During an inspection in response to concerns

We spoke with a number of people who live in the home and discussion referred to their views on being supported to consent to care and treatment. Generally they spoke positively about how staff included them in the care and confirmed that staff asked for their consent to care and treatment as required. For example, staff always conferred regarding the use of the hoist and fully explained the procedure. One relative said that staff conferred with them about a recent referral to the GP as a visit was needed.

We saw one person and staff had acted in the person's best interest and secured a safety belt so that the person was maintained safely in a chair. This raised issues around restraint of people. Supporting assessments and records did not reflect any decision making process which took into account the person's lack of ability to make their own decisions or who was acting on their behalf. This is a concern because it is important that people's rights are protected in such circumstances and the service can show due process has been followed.

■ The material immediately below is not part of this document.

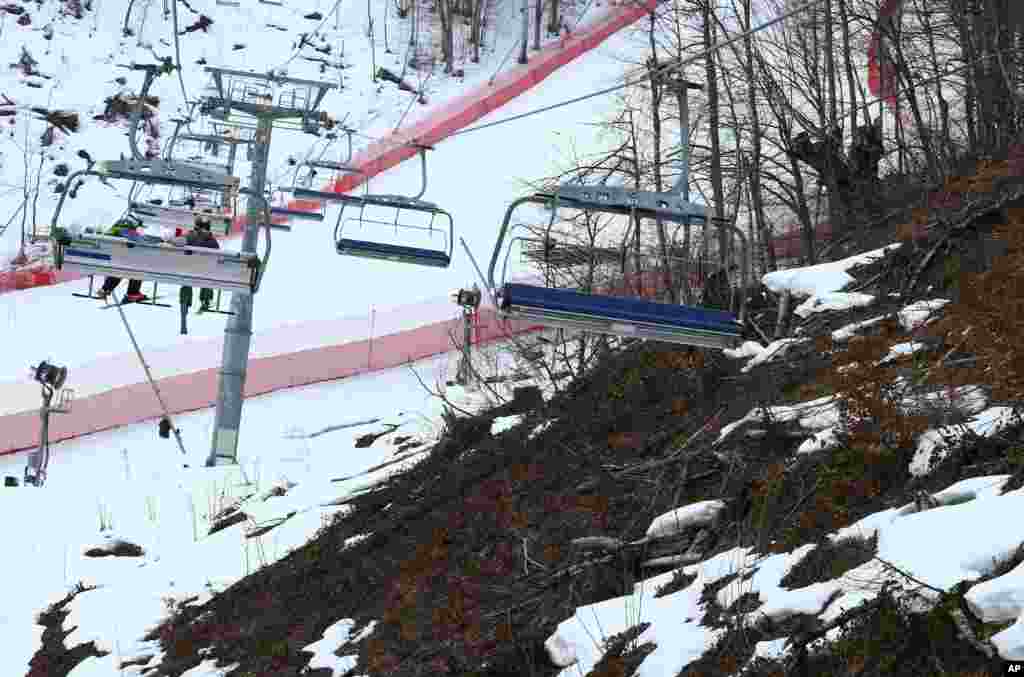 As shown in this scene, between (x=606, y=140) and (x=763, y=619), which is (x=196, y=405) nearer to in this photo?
(x=606, y=140)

We had some concerns expressed by the social service safeguarding team about some aspects of the care at Kemp Lodge. This followed two complaints by relatives of people living in the home; one around the care of a person with diabetes the other a person who had a urine infection. Both were concerned about the ability of nursing staff to identify appropriate interventions at times of acute illness.

When we visited the home we looked in detail at some of the people who have ongoing medical needs and how these are assessed and monitored. We also spent some time observing the care and talking to people living in the home.

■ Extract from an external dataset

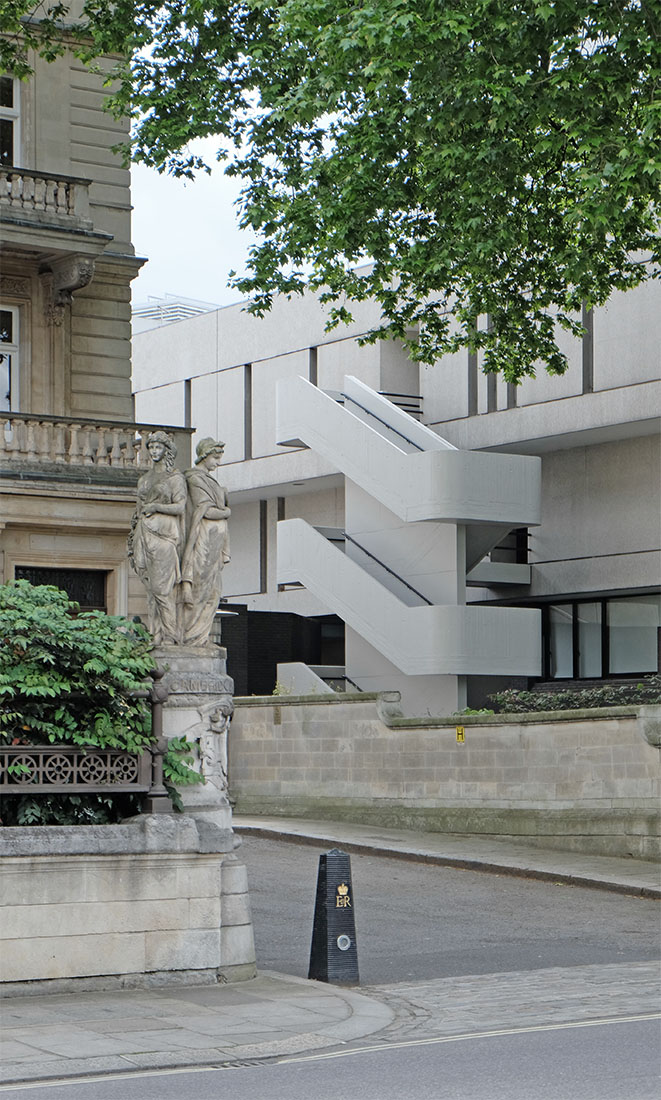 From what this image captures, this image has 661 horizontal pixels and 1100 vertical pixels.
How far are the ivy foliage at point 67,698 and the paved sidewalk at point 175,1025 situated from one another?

Overall we found the general ongoing monitoring of peoples health care was appropriate although we have highlighted some areas of concern that the service needs to address to ensure consistency. Those people we spoke to on the day of the site visit said that staff were very competent when carrying out care and using equipment. People looked clean and were appropriately dressed showing that staff paid good attention to standards around personal hygiene. We spoke with one person who said 'The staff look after me very well. There's plenty of staff about ' I only have to call them'. All people spoken with were very happy with the ongoing medical care and felt reassured by the visiting visits by a GP twice weekly.

People spoken with said that meals provided were good and there was a choice available. We saw plenty of staff available at meal times to support people.

We spoke with people on the site visit who either live in the home or their visitors. None of the people we spoke with had any issues with the way medication was managed.

We had some complaints prior to our visit about areas of specific care and this raised questions about some of the ongoing competencies of trained nursing staff. We spoke with people living at Kemp Lodge on the day of the site visit who said that they felt staff were competent and able to deliver care needs effectively. We have some minor concerns about specific training and updates for nurses and these are addressed in the report.